This article does a good job explaining the differences between private equity and venture capital. We believe the opportunity to help startups and other younger businesses is particularly exciting in the underserved Midwest. The returns here are statistically greater, and the region is fertile ground for innovation and emerging technology.
Tom Kilcoyne, General Partner
Source: Investopedia | Boomerang Blog Team 7/30/2019
Private Equity vs. Venture Capital: An Overview
Private equity is sometimes confused with venture capital because they both refer to firms that invest in companies and exit through selling their investments in equity financing, such as initial public offerings (IPOs). However, there are major differences in the way firms involved in the two types of funding conduct business.

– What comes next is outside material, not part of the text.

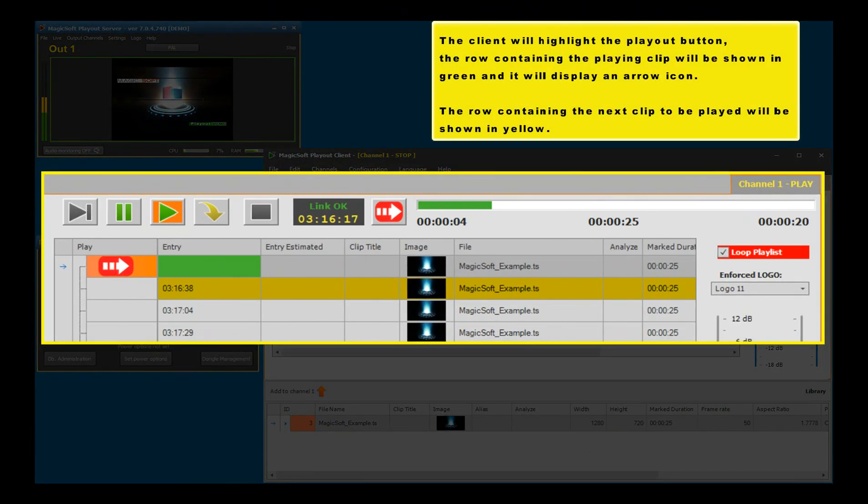The row containing the playing clip will be shown in green and will display an arrow icon. The row containing the next clip to be played will be shown in yellow.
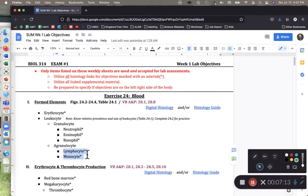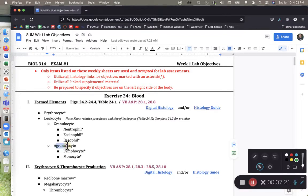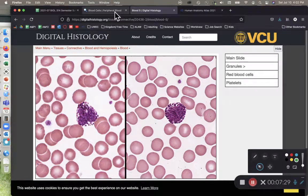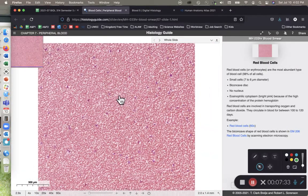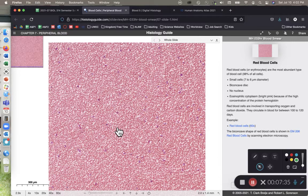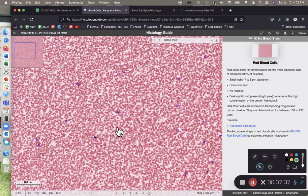Up next, we have the agranulocytes. 'A-' meaning without, 'granule' meaning granule, and '-cyte' is a suffix that means cell. We have the lymphocyte and the monocyte. I'm going to go ahead and use the histology guide site, as it's a little bit more difficult for students to navigate.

Private equity and venture capital buy different types and sizes of companies, invest different amounts of money, and claim different percentages of equity in the companies in which they invest.

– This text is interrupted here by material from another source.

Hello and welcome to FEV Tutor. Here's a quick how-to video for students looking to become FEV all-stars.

Private equity, at its most basic, is equity—shares representing ownership of, or an interest in, an entity—that is not publicly listed or traded. Private equity is a source of investment capital that comes from high net worth individuals and firms. These investors buy shares of private companies—or gain control of public companies with the intention of taking them private and ultimately delisting them from public stock exchanges. Large institutional investors dominate the private equity world, including pension funds and large private equity firms funded by a group of accredited investors.
Venture Capital is financing given to startup companies and small businesses that are seen as having the potential to break out. The funding for this financing usually comes from wealthy investors, investment banks, and any other financial institutions. The investment doesn’t have to be just financial, but can also be offered via technical or managerial expertise.